賃金だけでなく、働く場所も過酷です。今から3年前の2013年には、バングラデシュにある縫製工場が崩れるという事故が起こっています。首都ダッカにある、「ラナ・プラザ」というビルです。
このとき、ビルの中にいた1,000人以上の工員が犠牲に。建物に身体を挟まれ、命のために手足を切断した人もたくさんいます。
この事故は、ビルの管理者がボロボロの建物を修繕しなかったために起こった人災です⇒安くておしゃれなファストファッションの裏側にある問題点とは?
「the true cost」も、このラナ・プラザの事故をきっかけに作られました。映画の冒頭には、事故の被害に遭った女性の衝撃的なインタビューもあります。
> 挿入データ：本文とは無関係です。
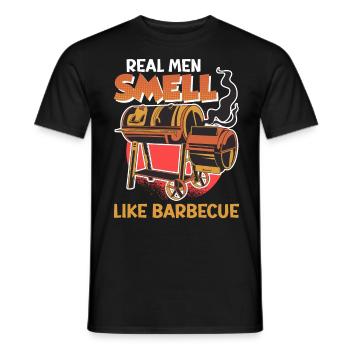 Meat lovers REAL MEN SMELL LIKE BARBECUE - Men's T-Shirt - black - Front - AI Model Male 178 light (178cm)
「異様なまでに安い服の裏には、どんなカラクリがあるのか?」。ファストファッションを買うなら、そこまで考える責任があると感じました。
環境汚染がもたらすもの
しわ寄せがいくのは、服を縫う人たちばかりではありません。材料の綿や染料作りに関わる人たちも、ファストファッションの被害者です。
綿栽培を行うインドの農村では、年間20万人以上が農薬中毒で亡くなっていると言われています。また、高価な農薬のせいで経営が悪化、あげく土地を奪われて自殺する農業者もいます。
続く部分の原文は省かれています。